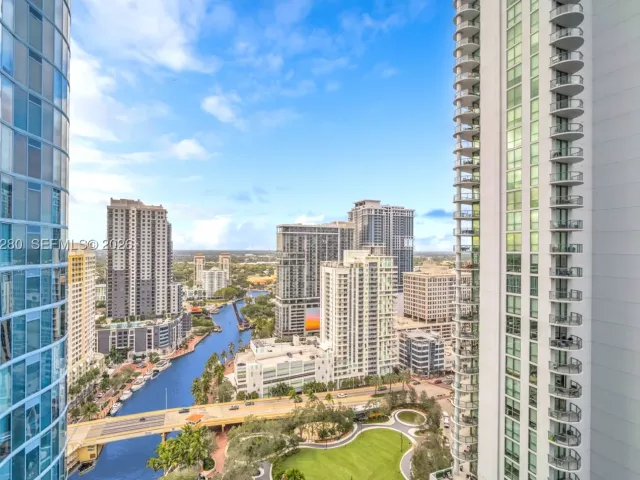 2-bedroom condo for sale in Fort Lauderdale - 333 Las Olas Way 3006 - MondialRealty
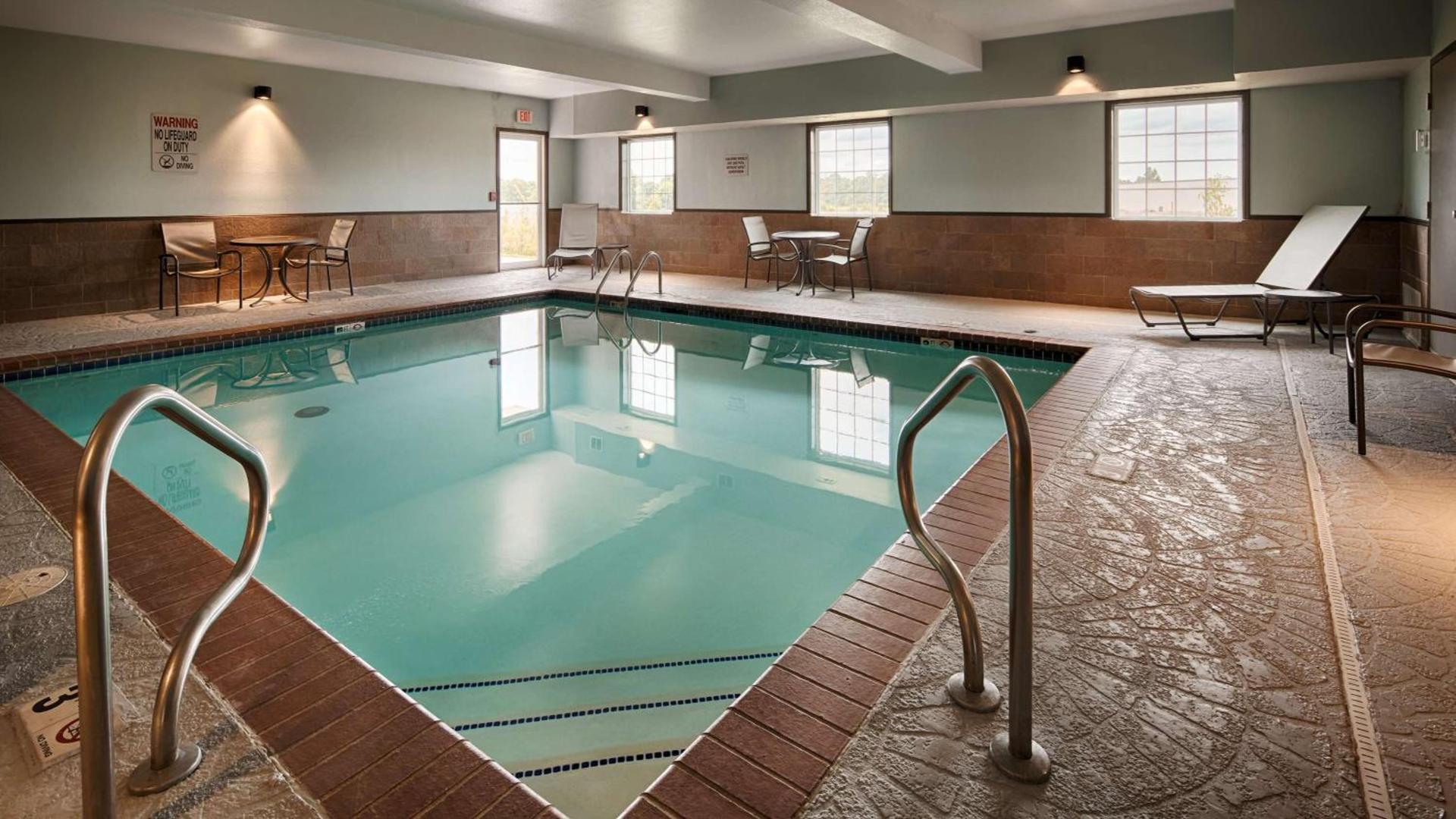 Best Western Mt. Vernon Inn photo 14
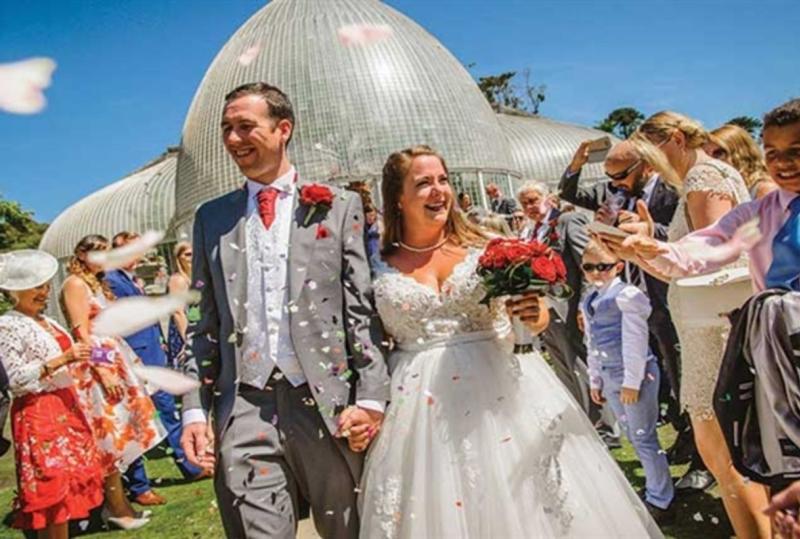 couple getting married at bicton park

= YOUR ASSIGNMENT =
Reproduce the material exactly; omit the pictures.

= REPLY =
 2-bedroom condo for sale in Fort Lauderdale - 333 Las Olas Way 3006 - MondialRealty
 Best Western Mt. Vernon Inn photo 14
 couple getting married at bicton park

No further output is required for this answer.